> _Data provided_:
____________________

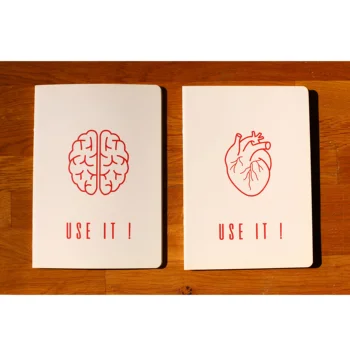 Heart n Brain A5 Notebook Set with Wire Stitch, 30 Sheets Blank Book, Comic Illustraion Sketchbook, Use It, Funny Birthday Gift
Heart n Brain A5 Notebook Set with Wire Stitch, 30 Sheets Blank Book, Comic Illustraion Sketchbook, Use It, Funny Birthday Gift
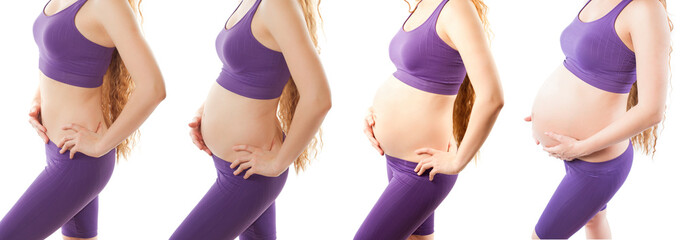 fitness  body of slim and pregnant women on white background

____________________

> _Task directions_: Could the listing above be printed again in full, with every picture omitted?

> _Result of this exercise_:
 Heart n Brain A5 Notebook Set with Wire Stitch, 30 Sheets Blank Book, Comic Illustraion Sketchbook, Use It, Funny Birthday Gift
Heart n Brain A5 Notebook Set with Wire Stitch, 30 Sheets Blank Book, Comic Illustraion Sketchbook, Use It, Funny Birthday Gift
 fitness  body of slim and pregnant women on white background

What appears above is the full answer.